■ **Description of the task**: Below is a listing with pictures. Repeat exactly the lines starting at the one holding "Everest White Pearl/Super" and going on through the one holding "LAKE LAND OR - Residential Lease", and leave every picture out.

■ **Raw data**:
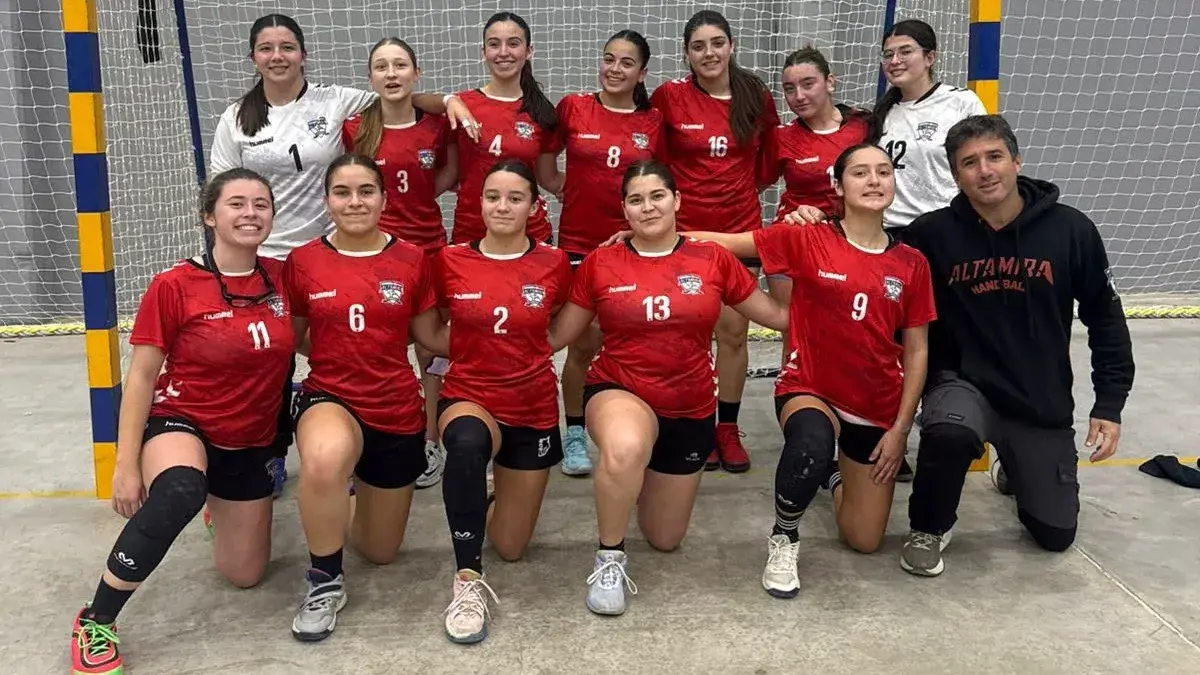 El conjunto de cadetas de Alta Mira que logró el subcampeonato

* * *

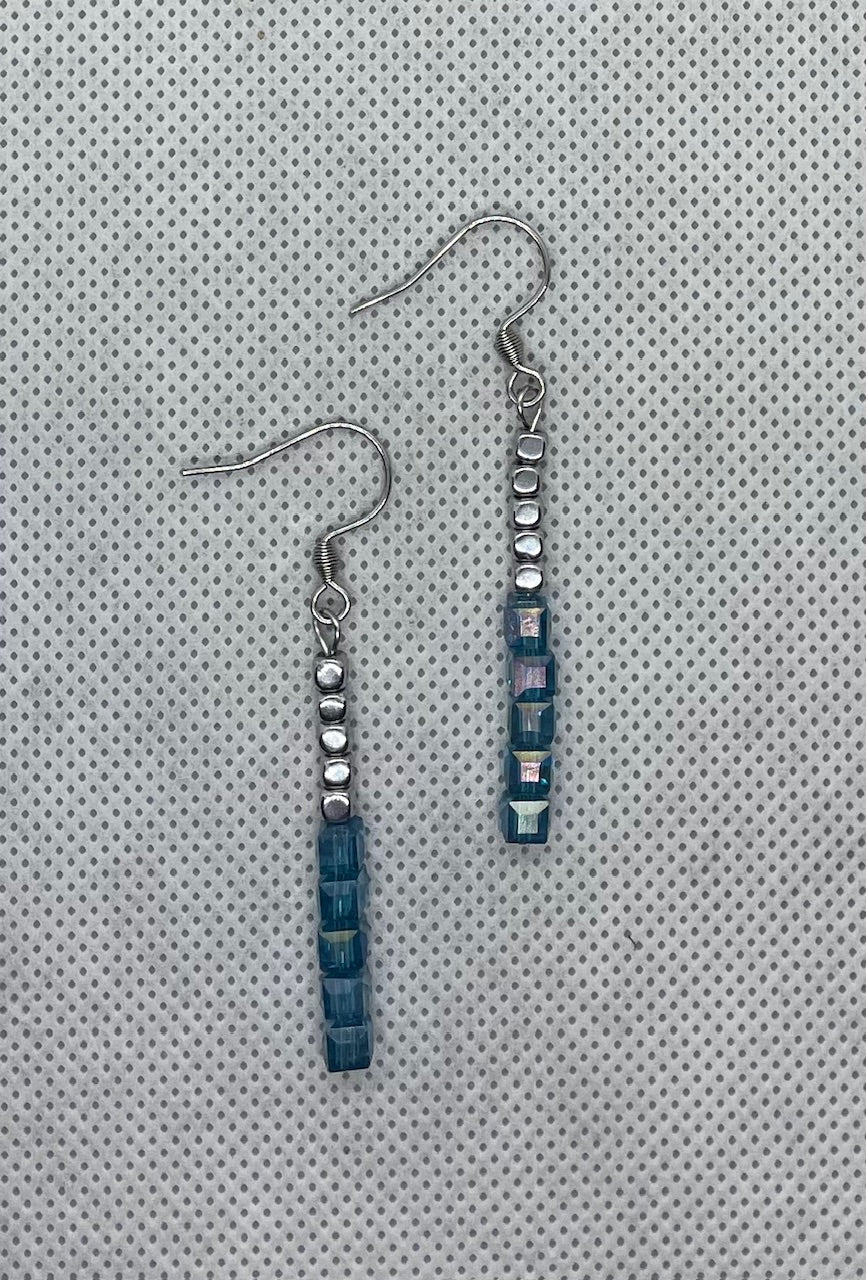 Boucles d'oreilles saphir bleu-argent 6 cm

...

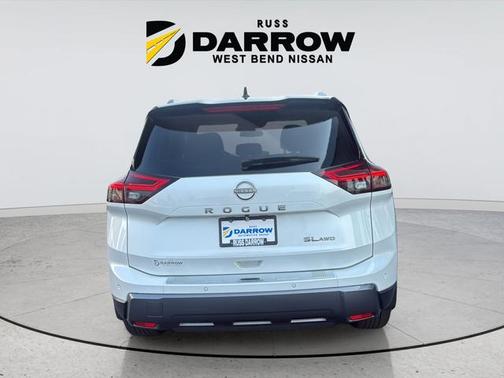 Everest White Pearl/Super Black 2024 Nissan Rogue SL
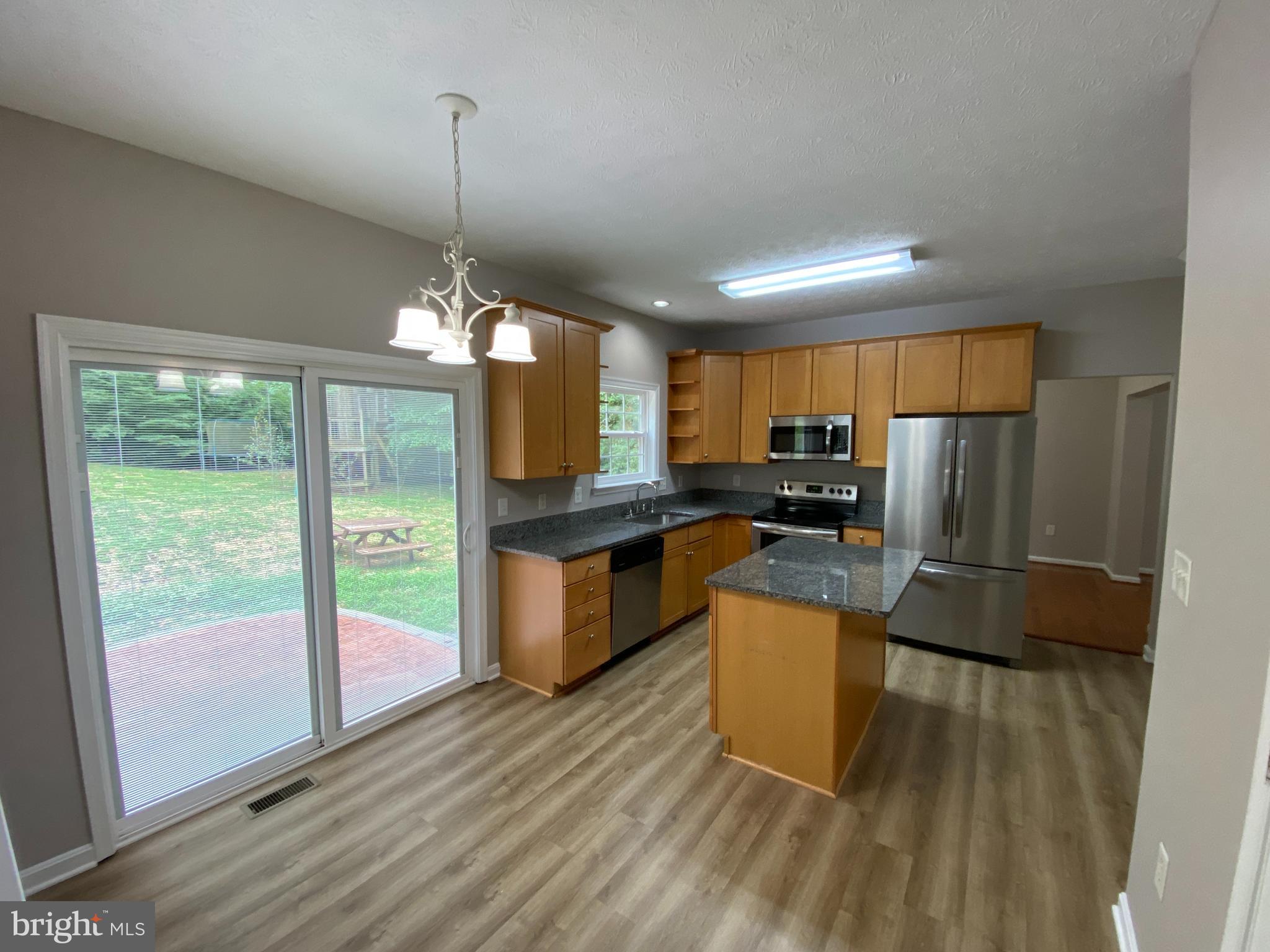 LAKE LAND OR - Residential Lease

■ **Exercise answer**:
 Everest White Pearl/Super Black 2024 Nissan Rogue SL
 LAKE LAND OR - Residential Lease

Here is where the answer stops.